Il tema della paternità, il vero caposaldo di tutto il racconto, fa da sfondo alle solite epiche battaglie fra Dei sempre seminudi nonostante il freddo barbino delle terre nordiche. Ci sono due modi per affrontare il gioco. Abbracciare la sua nuova natura open world e quindi lasciar perdere la storia principale perdendosi tra i vari regni e farmando come un animale, oppure tenere la retta via e completare il gioco immediatamente, riservando la prima attività a tempi migliori. Io ho deciso di optare per questa seconda strada e ho terminato il gioco in poco meno di 35 ore. E forse ho sbagliato.

Sì, perché adesso che l’ho terminato non sento nessun bisogno di andare ad esplorare, non mi si rende necessario dover tornare ad Asgard per aprire porte magiche a conoscere i problemi di altri reami solo perché hanno bisogno della mia forza bruta. Lo lascio a chi ha voglia di platinare il gioco. Questo per dire che, nonostante sia imponente sotto ogni comparto, visivo, audio, e fotografico, God of Ragnarök lascerà traccia molto più per la sua storia, e la forza con cui inscena il complicato rapporto padre figlio, rispetto al gioco in sé.

Non dico mi abbia stufato, sarebbe troppo. Ma una volta completata la main quest, non ho trovato nuovi stimoli per affrontare altro. Forse perché le 100 ore e passa spese su Assassin’s Creed Valhalla mi hanno già saziato abbondantemente del boccone norreno.

Nonostante l’arrivo di una nuova arma, la lancia, il combat system non si discosta dal precedente capitolo, anzi, si aggiungono inutili e pomposi orpelli di potenziamenti della cui utilità difficilmente ci accorgeremo una volta sul campo di battaglia. Le sequenze dove quest’ultimo è protagonista risultano eccessive in termini numerici e alla lunga ripetitive, senza un’effettiva utilità ai fini della trama o sulla nostra meta finale.

La gestione della camera alle spalle di Kratos, poi, mi ha mandato più volte fuori di testa.
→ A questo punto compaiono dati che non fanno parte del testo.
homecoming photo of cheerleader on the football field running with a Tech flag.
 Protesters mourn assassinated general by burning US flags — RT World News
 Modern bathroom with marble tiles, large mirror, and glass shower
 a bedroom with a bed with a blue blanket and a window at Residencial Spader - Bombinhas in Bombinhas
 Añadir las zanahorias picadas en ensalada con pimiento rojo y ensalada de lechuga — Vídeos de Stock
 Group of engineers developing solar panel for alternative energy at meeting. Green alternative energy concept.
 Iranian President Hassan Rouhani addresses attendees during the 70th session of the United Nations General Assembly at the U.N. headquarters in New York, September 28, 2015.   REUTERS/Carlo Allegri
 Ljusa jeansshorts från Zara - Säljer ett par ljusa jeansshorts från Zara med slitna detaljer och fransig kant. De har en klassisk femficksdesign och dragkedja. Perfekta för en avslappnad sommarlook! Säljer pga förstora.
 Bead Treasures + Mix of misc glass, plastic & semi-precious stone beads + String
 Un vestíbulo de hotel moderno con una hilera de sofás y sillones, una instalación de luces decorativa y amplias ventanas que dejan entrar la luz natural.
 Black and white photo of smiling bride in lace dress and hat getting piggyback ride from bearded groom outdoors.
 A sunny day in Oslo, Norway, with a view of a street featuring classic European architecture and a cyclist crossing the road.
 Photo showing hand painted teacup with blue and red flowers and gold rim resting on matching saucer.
Soprattutto se si decide di agganciare il nemico con R3. La camera ne punta uno e non lo molla. Se volete recuperare dell’energia o altri elementi utili al combattimento dovrete per forza sganciare il nemico, correre altrove e rotolare compulsivamente se no vi arriverà qualcuno alle spalle a darvi il colpo di grazia. Paradossalmente gestita molto meglio nei momenti in cui si controlla Atreus.

Mi sono piaciuti parecchio gli approfondimenti storici, gli intrecci creati ad hoc per posizionare Kratos e suo figlio nella mitologia scandinava e la ricchezza di elementi utili per poterla conoscerla meglio.

Non so dirvi se God Of War Ragnarök sia il gioco dell’anno passato. Sempre di più per me la trama e il racconto giocano un ruolo più che centrale nell’approcciare un titolo videoludico, benché badi spesso alle innovazioni apportate all’ecosistema (e solo per questo mi sentirei di premiare Vampire Survivors), mi sento di premiare maggiormente i primi. Perciò mantenendo i primi come parametri di giudizio essenziali direi assolutamente di sì, con anche lacrimuccia annessa nelle fasi finali del gioco.

Se invece devo soffermarmi a comprendere quale sarà il contributo di questo nuovo capitolo alla storia dei videogiochi, lì ho maggiori perplessità, e mi sento di dire che il suo predecessore abbia fatto molto di più.

Ma se è un’avventura single player da giocarvi con calma la sera, a più riprese, e avere la sensazione di immergervi in un romanzo quella che state cercando…beh, allora God Of War Ragnarök è il titolo che fa per voi.